Валентина Синкевич: — Коротко рассказать о моих родителях довольно трудно, так как жизнь их была очень сложной, можно даже сказать — трагической. Начну с того, что жили они не в свое время, то есть жили во времени, в которое совершенно не вписывались. Даже я, еще ребенком, замечала «чужеродность» своих родителей, их несовместимость со многими людьми — с культурным уровнем, да и с внешним видом этих людей. К тому же, было и весьма опасное «социальное происхождение»: мать — дочь генерала царской армии, отец — сын священника. Оба потомственные дворяне. И родственники за границей, включая дальнего, но всё же родича — Игоря Ивановича Сикорского. (Моя бабушка по отцовской линии, урожденная Сикорская, была родной сестрой отца авиаконструктора). Вот от всего этого мои родители-киевляне забились в Остер, провинциальный городок Черниговской области. Я уверена, что таким образом они спасли свою жизнь: оба умерли «своей» смертью, что, опять-таки, для того времени и с теми биографическими данными, было совсем не просто. Они жили под страхом ареста, и мы, моя старшая сестра Ирина и я, остро ощущали этот страх. В Остре отец, юрист по образованию, стал преподавать математику в двух остерских десятилетках, считая юридическую карьеру в те годы преступной. А мать работала на метеорологической станции. Жили мы очень бедно, гораздо хуже коренных остерских жителей, потому что в революцию родители потеряли всё до нитки. Особенно это коснулось матери: она была из богатой семьи. Отец умер в 1939-мгоду, а мать в 1952-м.
Родители очень серьезно занимались нашим воспитанием. С раннего детства они приучили нас к чтению хороших книг, за что я буду им благодарна до последнего своего вздоха. И так же воспитали любовь и сострадание к четвероногим, «меньшим братьям» человека. В основном последнему нас успешно учил отец, хотя я считаю, что его успех в большой мере зависел от унаследованных от него генов.

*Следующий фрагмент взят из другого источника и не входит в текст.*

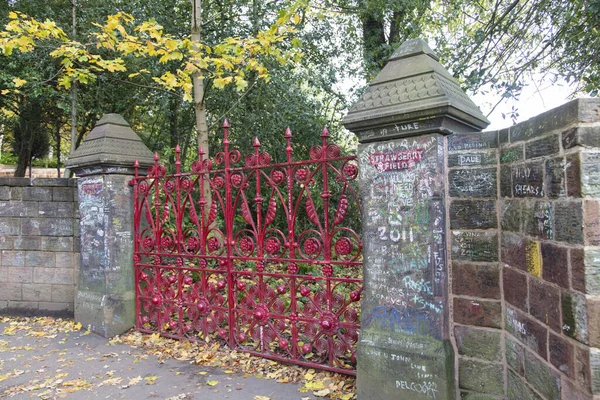 リバプール、英国- 10月31 2019:リバプールのストロベリーフィールドへの象徴的な赤いゲートウェイ。ビートルズの歌で有名なストロベリーフィールドは永遠に. — ストック写真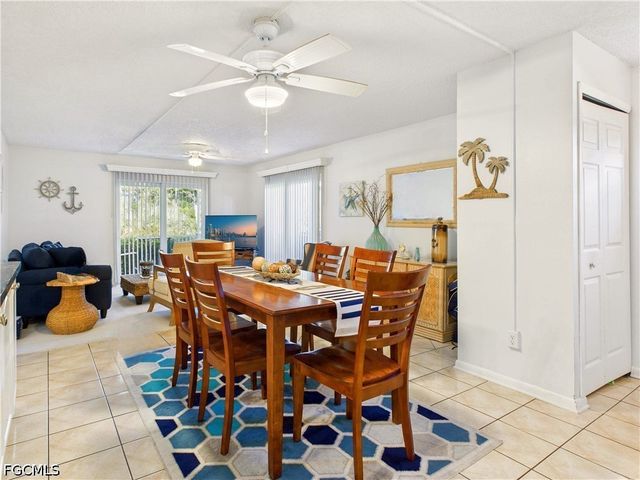 232 Palm DR 47-5, Naples, FL 34112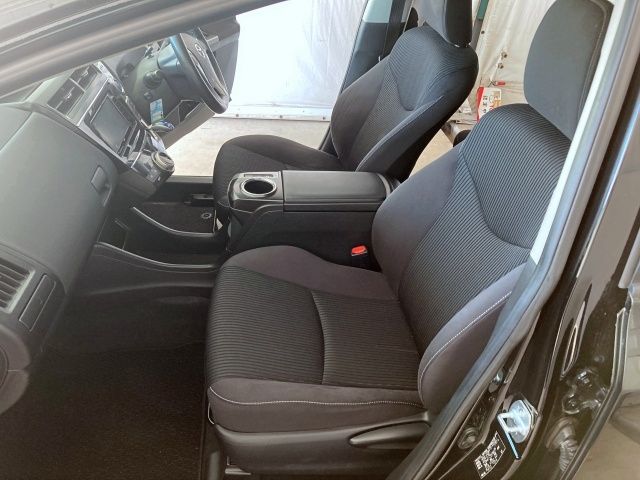 TOYOTA PRIUS Alpha 2015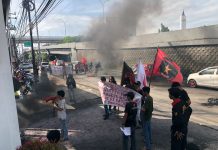 SPMP, GMB dan GEMAR, Gelar Aksi Unjuk Rasa di Kejati Ingatkan Laporan Dugaan Korupsi di Sulsel FOTO: Aksi demostrasi elemen Mahasiswa dan Pemuda di Hari Anti Korupsi Sedunia di depan kantor Kejaksaan Tinggi Sulsel. Kamis, (9/12)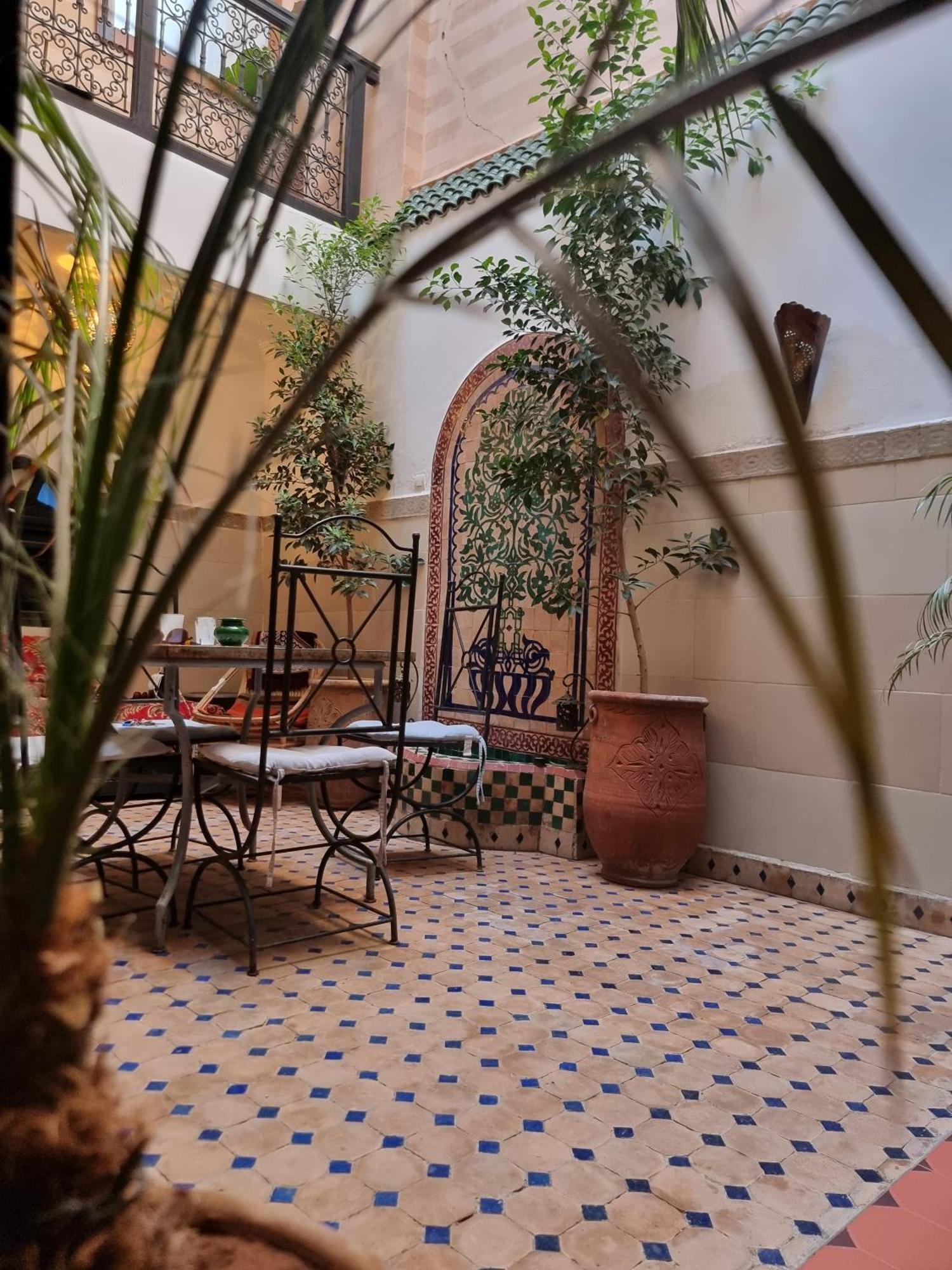Riad Black Doors Marrakesh Exterior photo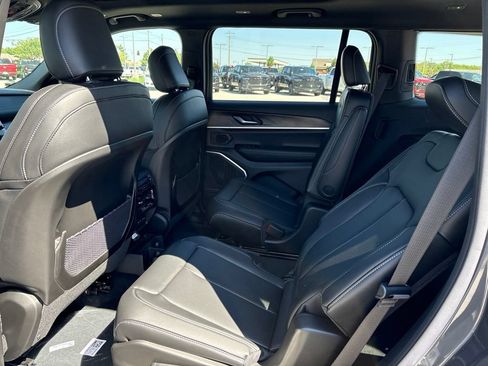 New 2026 Jeep Grand Cherokee L Limited w/ Luxury Tech Group II AWD/4WD image 9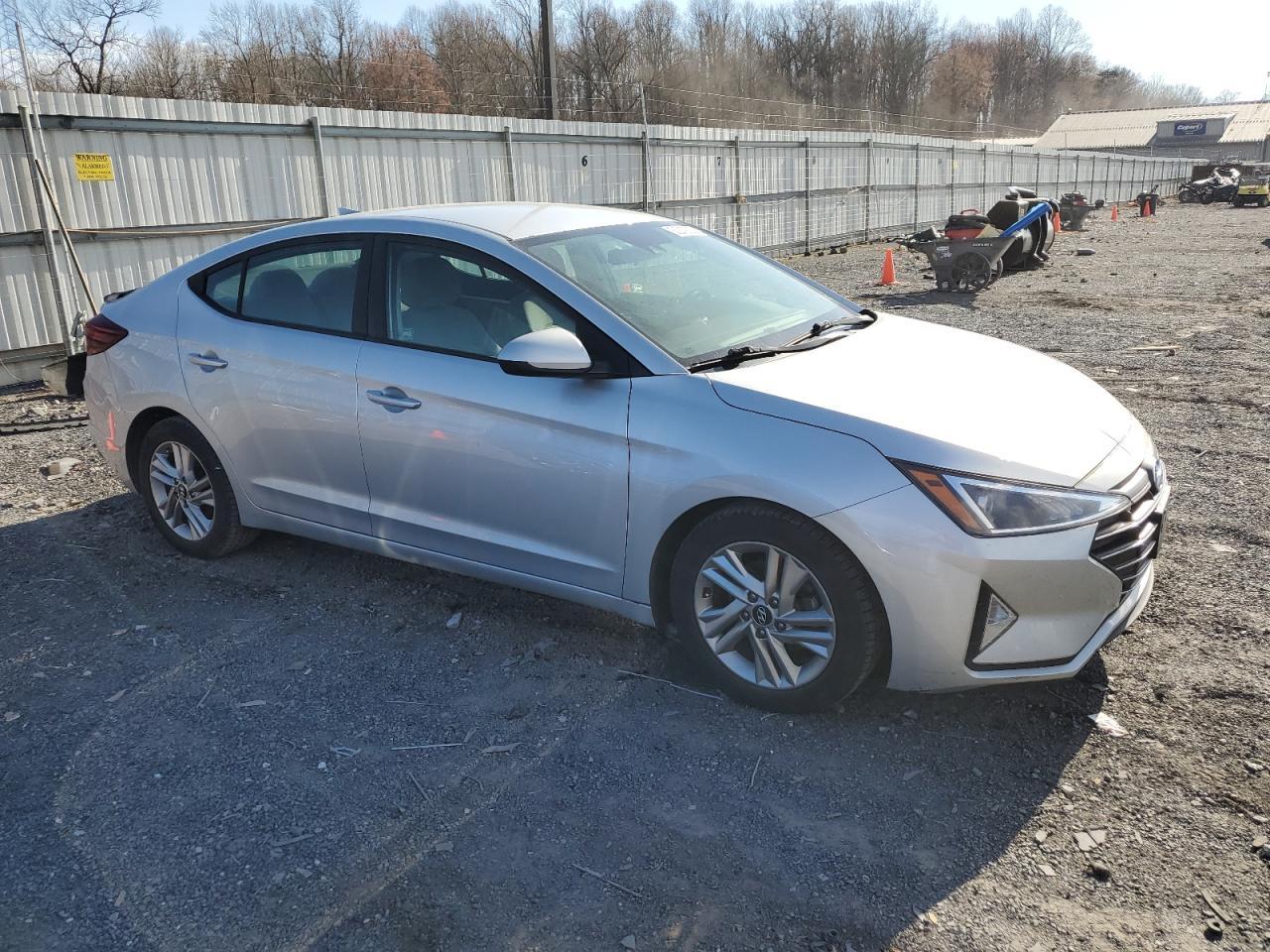 2019 HYUNDAI ELANTRA SE - Фото 4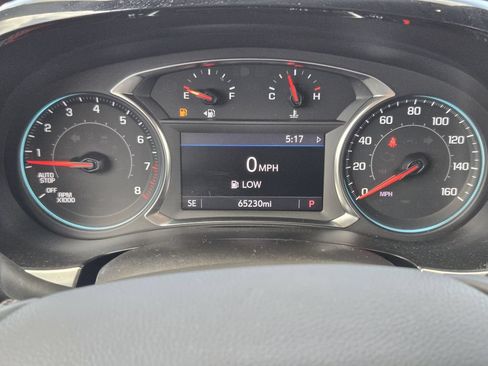 Used 2024 Chevrolet Traverse LT FWD image 16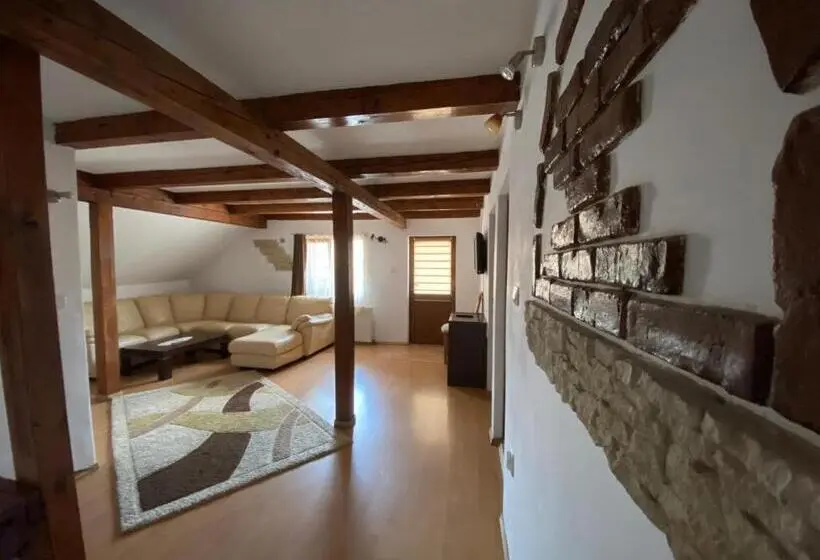 ２ベッドルームアパートメント, Casa Floare De Colt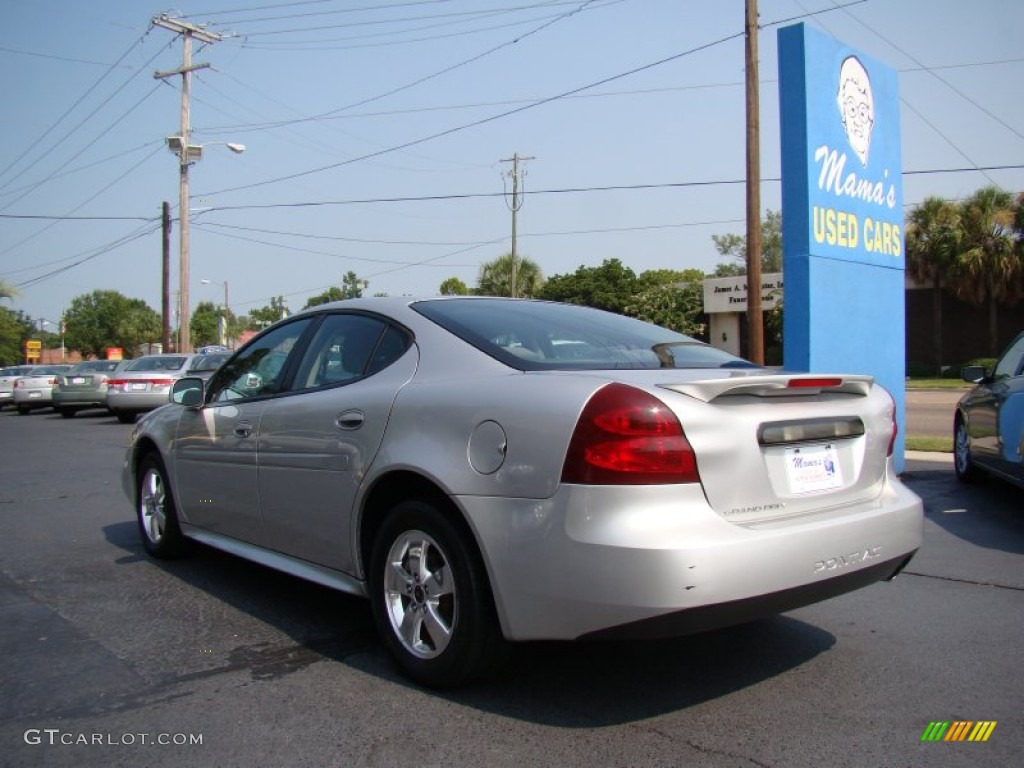 2005 Grand Prix Sedan - Galaxy Silver Metallic / Dark Pewter photo #6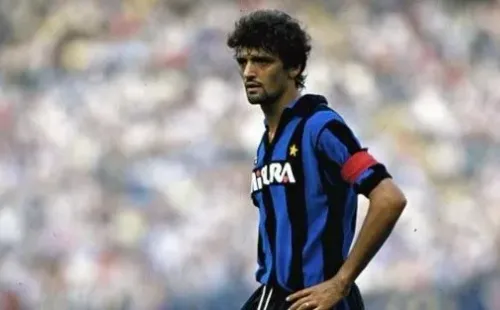 Alessandro Altobelli con la camiseta de Inter de Milán.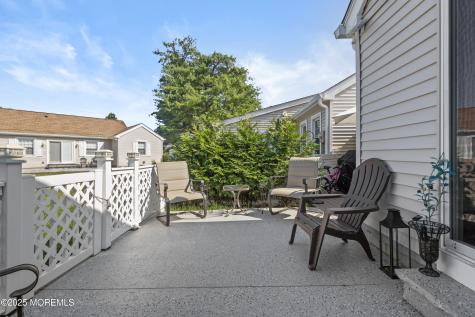 139 Wein Market Freehold NJ 07728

Военное время в России было для меня коротким. Помню страшный голод первой и последней моей зимы в оккупированном немцами Остре. А дальше — с 1942 года и до конца Третьего Рейха — немецкие остарбайтерские лагеря и принудительная работа (в моем случае — уборка бюргерских квартир). Только после войны я узнала о трагической смерти Ирины, которую очень любила, тосковала по ней даже больше, чем по матери. При освобождении Остра ее смертельно ранило осколком снаряда. Я написала домой через год после смерти Сталина, а мать умерла за год до того. Раньше не писала, боясь повредить сестре, не зная, что ее уже нет в живых.
— Знаю, что в Германии вы встретили русскую семью, которая вам помогала. Не расскажете ли об этих людях подробнее.
— По лагерным порядкам нам, остарбайтерам, полагалась свободная половина воскресенья. За пределы лагеря мы могли выходить, но только с нашивкой знака ОСТ на одежде. И вот как-то, в выходные часы на улицах Данцига, я случайно (случайно ли?) встретила пожилую чету, оживленно говорящую о чем-то по-русски. Мы познакомилась. Белоэмигранты, русские интеллигенты — Конрад Витальевич и Зинаида Васильевна Монастырские жили в Германии с начала двадцатых годов и были уже немецкими гражданами. Они очень заинтересовались мною, молодой девушкой оттуда. К концу войны, когда советские войска подходили к Данцигу, они приняли решение эвакуироваться. И выразили желание взять с собой меня. Я спорола нашивку ОСТ и отправилась с ними в путь, в нашем случае водный. Мы плыли из Данцига в Киль на пароходе, переполненном немецкими беженцами. Всю дорогу я молчала как рыба, дабы никто не узнал, что я никакая не немецкая беженка, а самый чистокровный «унтерменш». В другое время «провернуть» такое было бы просто невозможно. К моему счастью, немецкие блюстители тех порядков «работали» уже плохо, не до того было им — чуть не сказала «беднягам», но вовремя остановилась. Потом я жила рядом с Монастырскими в лагерях для «перемещенных лиц» (displaced persons, сокращенно — DP /ДиПи/). Конрад Витальевич умер еще в Германии, а Зинаида Васильевна, ставшая потом крестной матерью моей дочери Ани, в Америке. Детей у них не было. О нем и о ней у меня сохранилась самая светлая и благодарная память.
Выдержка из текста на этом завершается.